İstanbul Şişli doğumlu olan Tolga müzik ve sanata merakını ortaokul yıllarında keşfetti. Üniversite hayatı boyunca çeşitli konser ve müzikallerde görev alarak, bunların organizatörlüğünü de üstlendi. İstanbul Üniversitesi Devlet Konservatuarı Müzikal bölümünden mezun oldu. San Diego Üniversitesi orkestra şefi Daniel Durand ile uzun yıllar çalıştı. Tiyatro Yönetmenliği alanında yüksek lisans yaptı ve yurtdışı İngilizce oyunlar yönetti.
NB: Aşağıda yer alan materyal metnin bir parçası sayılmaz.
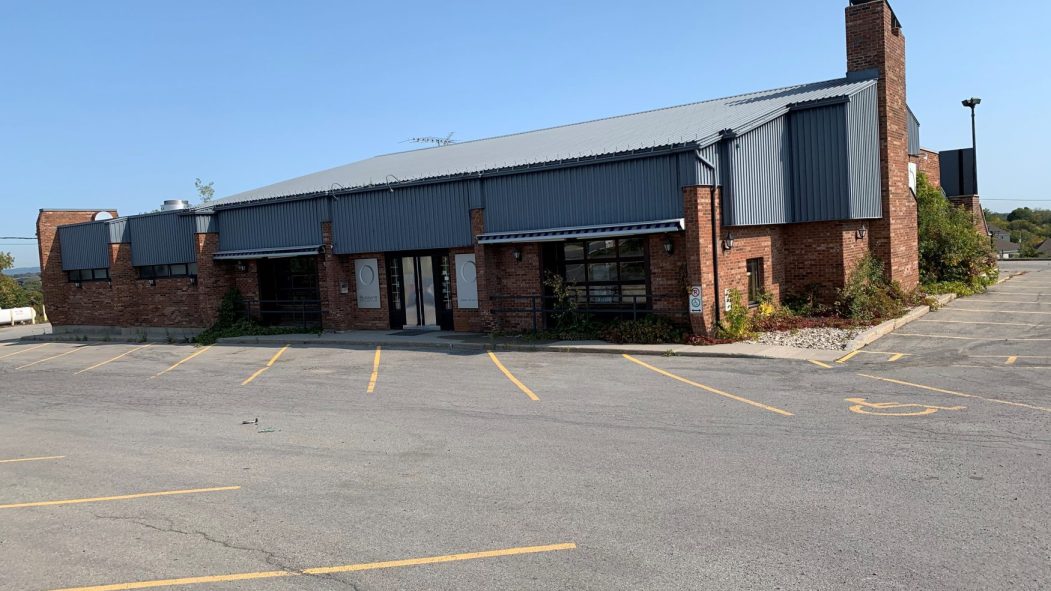 Le Centre culturel islamique de Vaudreuil-Dorion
Müzikal alanda araştırmalar yaptı. Çeşitli müzikallerde ve tiyatro oyunlarında rol aldı. Oyunculuk ve müzik atölyeleri düzenledi. 2014- 2017 arası PAM-Profilo Liselerarası Tiyatro Festivalinde jüri üyesi olarak görev yaptı. Gitar ve piyano çalmaktan büyük keyif alan Tolga, kısa film ve tiyatro oyunlarına müzik besteledi, sosyal sorumluluk projeleri kapsamında Düşler Akademisi yararına olan konserlerde müzisyen ve konuk sanatçı olarak görev aldı. 2015’de London College of Music sınavlarına yardımcı eğitmen olarak katıldı. İngilizce ve Almanca metin çevirileri yaptı. Lufthansa havayolları şirketi bünyesinde drama ve müzik eğitimi verdi, şirket içi sistem değişikliklerinin müşterilere tanıtımı konusunda skeç yazdı ve şirket çalışanları için atölyeler düzenledi. İngilizce ve Almanca metin çevirileri yaptı. Müzik 2018’de Barcelona ve Girona bölgesinde konserler verdi. Four Seasons, Hilton otellerinin organizasyonlarında sahne aldı. Yine 2018 yılında Milli Eğitim Bakanlığı’nda uzman eğitmen olarak öğretmenlere ses ve müzik alanında eğitim verdi. 2019’da İngiltere merkezli dünya turu yapan iki büyük yolcu gemisinde solist müzisyen olarak çalıştı. Yurtiçi yurtdışında festivallerde çeşitli özel tiyatrolarda, müzikal projelerde eğitmen ve müzisyen olarak çalışmaya devam etmektedir.